→ **Stored items**
[Start of Attachment]
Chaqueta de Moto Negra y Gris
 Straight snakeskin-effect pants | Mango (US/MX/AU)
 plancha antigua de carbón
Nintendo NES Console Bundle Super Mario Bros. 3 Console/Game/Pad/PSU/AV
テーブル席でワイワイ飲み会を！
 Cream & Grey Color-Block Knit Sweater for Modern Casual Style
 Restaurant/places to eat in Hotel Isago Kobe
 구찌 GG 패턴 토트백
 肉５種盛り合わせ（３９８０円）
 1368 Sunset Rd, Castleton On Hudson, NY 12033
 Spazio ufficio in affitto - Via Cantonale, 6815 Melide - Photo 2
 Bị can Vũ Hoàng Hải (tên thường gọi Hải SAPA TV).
[End of Attachment]
→ **Your assignment**
Set down exactly, and only, the lines from the one containing "テーブル席でワイワイ飲み会を！" through the final line of the entries above.

→ **Written answer**
テーブル席でワイワイ飲み会を！
 Cream & Grey Color-Block Knit Sweater for Modern Casual Style
 Restaurant/places to eat in Hotel Isago Kobe
 구찌 GG 패턴 토트백
 肉５種盛り合わせ（３９８０円）
 1368 Sunset Rd, Castleton On Hudson, NY 12033
 Spazio ufficio in affitto - Via Cantonale, 6815 Melide - Photo 2
 Bị can Vũ Hoàng Hải (tên thường gọi Hải SAPA TV).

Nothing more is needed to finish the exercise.